Raymond zapped the TV into silence with the remote then sprawled out
across the divan: he already had the implant. The new technology was 
already old for him.  His bare feet touched fur and body heat, 
Bubastis, his cat, arched its back to press up against his soles. 

Raymond laughed his famous laugh, bright teeth within a perfect mouth,
"You're such a flirt!" 

The cat stretched forward, paws clenching and unclenching on the silky
divan cover, emitting a deep rumbling purr. 

Raymond tensed his muscles, satisfied when the vertebrae in his spine
audibly clicked in quick succession. He sat upright, glanced around for 
something to throw, picked up a small cushion and hurled it at the cat. 


Direct hit. Bubastis leapt forward and thundered across the varnished
floor to the other side of the vast room.  Raymond chuckled and pulled 
himself off the divan. He stood upright and stretched again, squinting 
in the bright shaft of amber sunlight sloping through the window.  The 
day was almost over. He had managed about three hours sleep. 

He lingered on the pain building up in his muscles as he forced his body
to stretch, then relaxed. 

"Bubastis," He said out loud, "Adjust window down to thirty percent." 

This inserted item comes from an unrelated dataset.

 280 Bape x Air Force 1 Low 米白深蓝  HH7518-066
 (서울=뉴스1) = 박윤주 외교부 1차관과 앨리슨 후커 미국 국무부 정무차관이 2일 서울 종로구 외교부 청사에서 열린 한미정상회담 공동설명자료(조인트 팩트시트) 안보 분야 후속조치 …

The dazzling glare of the sun dimmed to a sultry glow as the windows
darkened on command.  Bubastis was simply a man-made familiar, an 
organic replicant that looked, behaved, smelled and sounded like a real 
cat. Raymond had loaded Bubastis with the Management software for his 
apartment: it was a chique thing to do with feline replicants.  Raymond 
had watched the old sci-fi films from the previous century; Terminator, 
Bladerunner. That 'future' was now here, and the reality of it was so 
much better than the projected dreams of the nineteen hundreds. 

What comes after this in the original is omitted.